**Goal of the exercise**
Exactly the lines from the one containing "1351 W 7th 3 Property Photo 17" through the end of the records must be reproduced; leave out all pictures.

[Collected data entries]
_ _ _
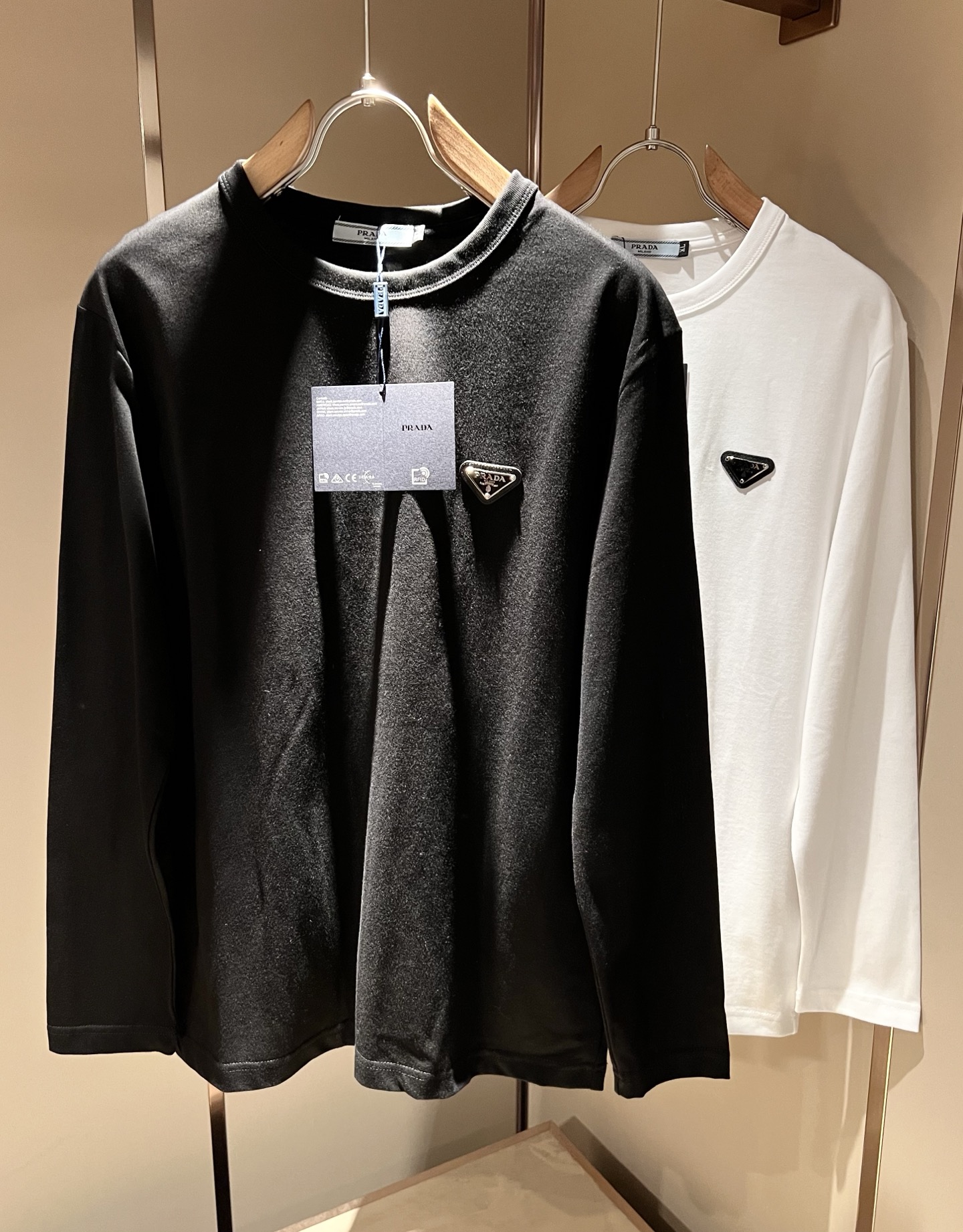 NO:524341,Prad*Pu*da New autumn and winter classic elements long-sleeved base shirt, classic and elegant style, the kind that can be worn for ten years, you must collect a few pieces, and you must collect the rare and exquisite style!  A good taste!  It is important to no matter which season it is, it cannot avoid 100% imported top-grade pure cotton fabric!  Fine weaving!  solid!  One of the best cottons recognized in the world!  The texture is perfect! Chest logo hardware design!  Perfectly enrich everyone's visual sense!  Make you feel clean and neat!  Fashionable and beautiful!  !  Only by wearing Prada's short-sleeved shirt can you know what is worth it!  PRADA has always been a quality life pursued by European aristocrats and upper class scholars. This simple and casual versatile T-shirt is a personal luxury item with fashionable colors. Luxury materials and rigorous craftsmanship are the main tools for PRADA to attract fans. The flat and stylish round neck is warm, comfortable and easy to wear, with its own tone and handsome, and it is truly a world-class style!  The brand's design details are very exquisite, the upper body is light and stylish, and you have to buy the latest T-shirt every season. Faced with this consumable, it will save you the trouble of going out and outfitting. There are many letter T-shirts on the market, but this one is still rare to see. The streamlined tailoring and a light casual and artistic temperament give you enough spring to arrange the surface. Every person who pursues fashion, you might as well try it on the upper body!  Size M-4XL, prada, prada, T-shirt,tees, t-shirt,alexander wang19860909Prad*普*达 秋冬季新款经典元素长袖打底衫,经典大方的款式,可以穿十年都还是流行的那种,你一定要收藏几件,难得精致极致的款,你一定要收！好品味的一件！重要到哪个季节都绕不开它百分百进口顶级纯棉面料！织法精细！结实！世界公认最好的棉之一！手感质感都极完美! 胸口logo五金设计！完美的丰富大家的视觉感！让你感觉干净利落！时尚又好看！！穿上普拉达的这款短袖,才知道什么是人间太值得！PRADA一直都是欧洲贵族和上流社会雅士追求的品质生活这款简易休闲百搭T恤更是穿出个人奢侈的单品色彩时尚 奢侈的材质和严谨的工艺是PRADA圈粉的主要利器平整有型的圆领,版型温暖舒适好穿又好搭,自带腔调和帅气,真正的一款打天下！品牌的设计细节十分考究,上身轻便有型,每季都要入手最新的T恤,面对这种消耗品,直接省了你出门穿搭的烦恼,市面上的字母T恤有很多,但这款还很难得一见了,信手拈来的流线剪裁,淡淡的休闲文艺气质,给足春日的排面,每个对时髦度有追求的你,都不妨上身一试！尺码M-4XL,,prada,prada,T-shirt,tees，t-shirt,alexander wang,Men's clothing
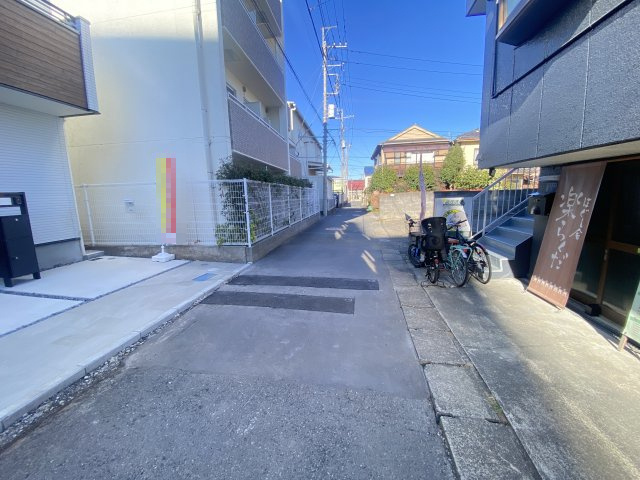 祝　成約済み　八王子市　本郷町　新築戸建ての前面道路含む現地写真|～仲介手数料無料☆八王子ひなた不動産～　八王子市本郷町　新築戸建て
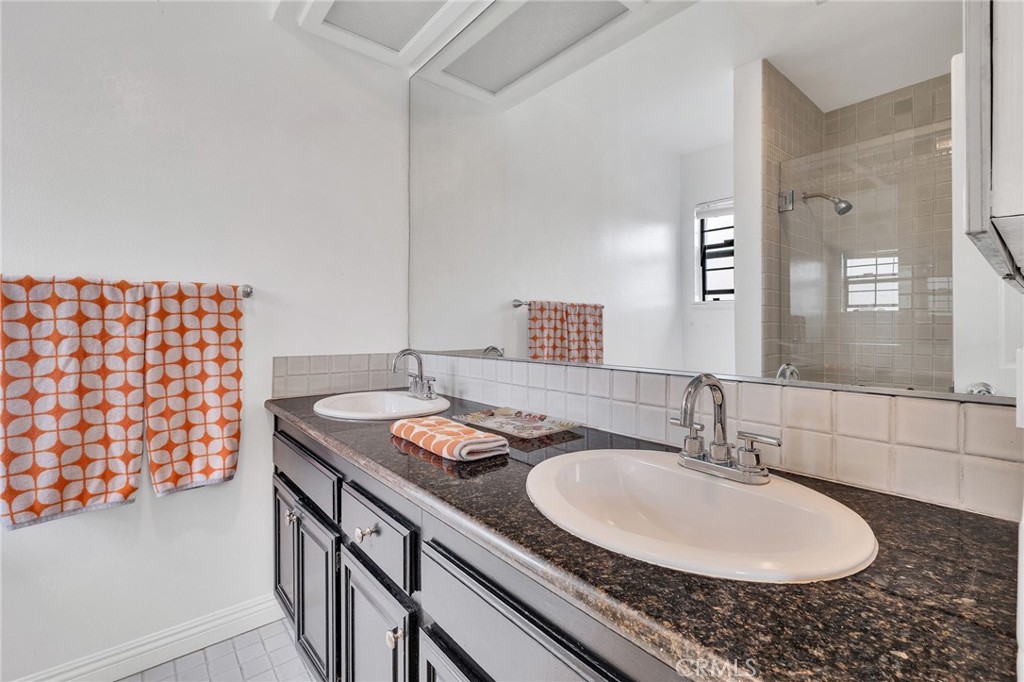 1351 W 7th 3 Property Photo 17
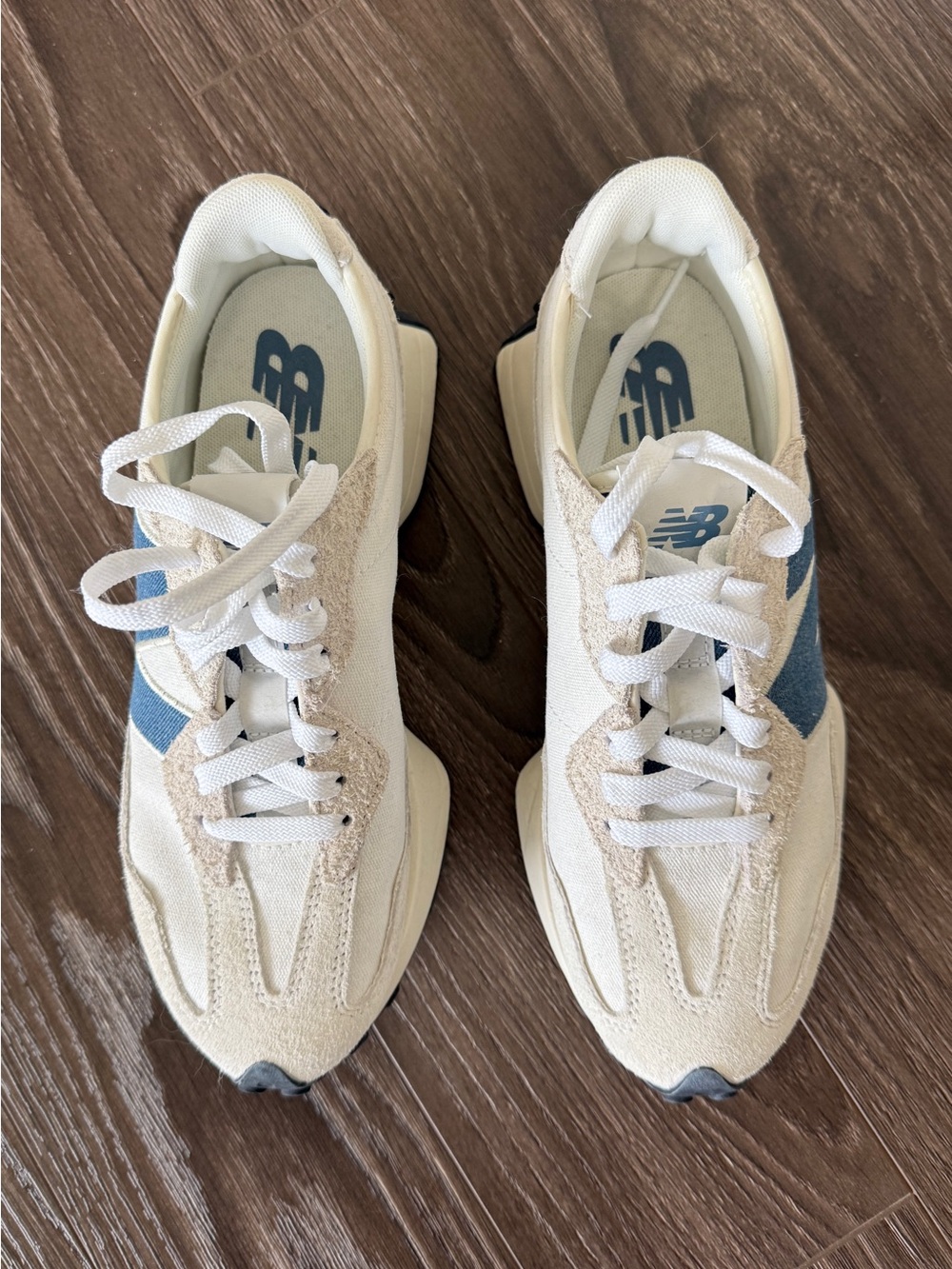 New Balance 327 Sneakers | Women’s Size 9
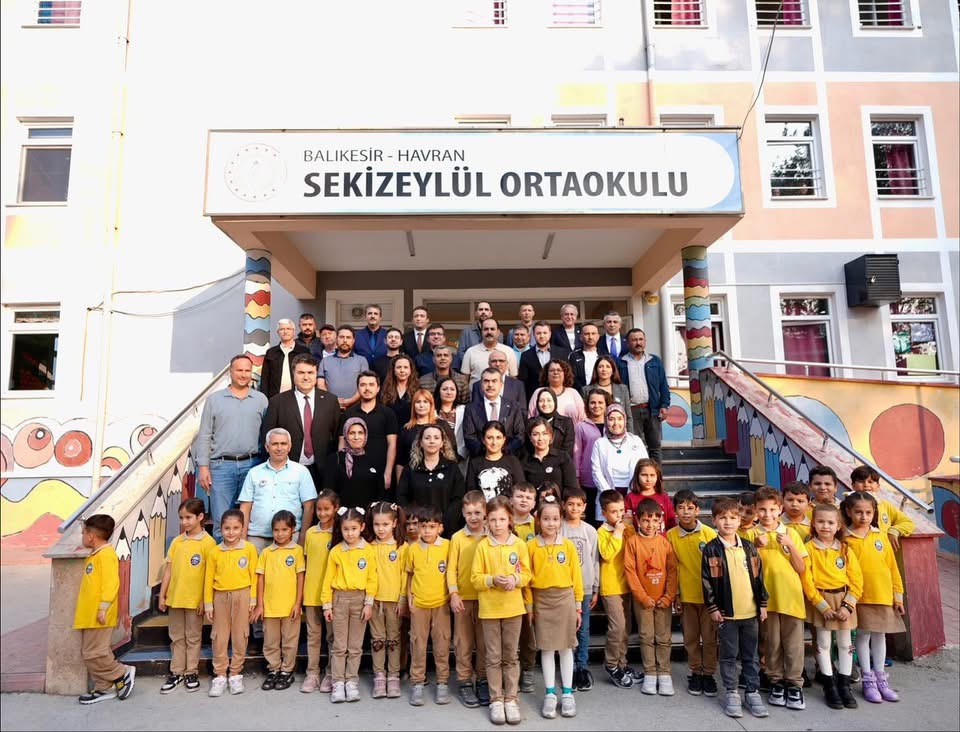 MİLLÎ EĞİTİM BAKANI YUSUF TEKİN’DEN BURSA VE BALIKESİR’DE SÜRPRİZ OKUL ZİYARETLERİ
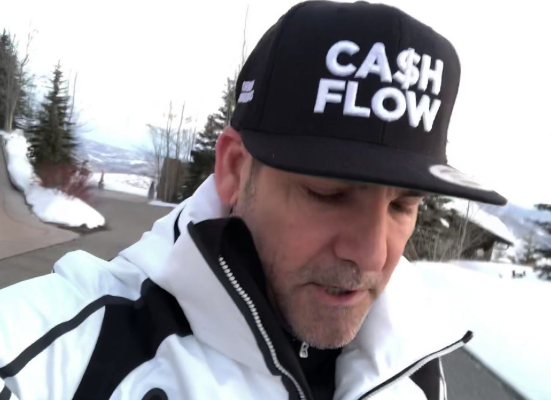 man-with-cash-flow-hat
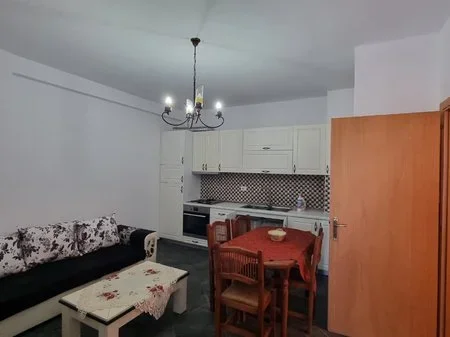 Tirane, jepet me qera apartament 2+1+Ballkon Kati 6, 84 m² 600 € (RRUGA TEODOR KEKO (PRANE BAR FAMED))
_ _ _
**Answer to this problem**
 1351 W 7th 3 Property Photo 17
 New Balance 327 Sneakers | Women’s Size 9
 MİLLÎ EĞİTİM BAKANI YUSUF TEKİN’DEN BURSA VE BALIKESİR’DE SÜRPRİZ OKUL ZİYARETLERİ
 man-with-cash-flow-hat
 Tirane, jepet me qera apartament 2+1+Ballkon Kati 6, 84 m² 600 € (RRUGA TEODOR KEKO (PRANE BAR FAMED))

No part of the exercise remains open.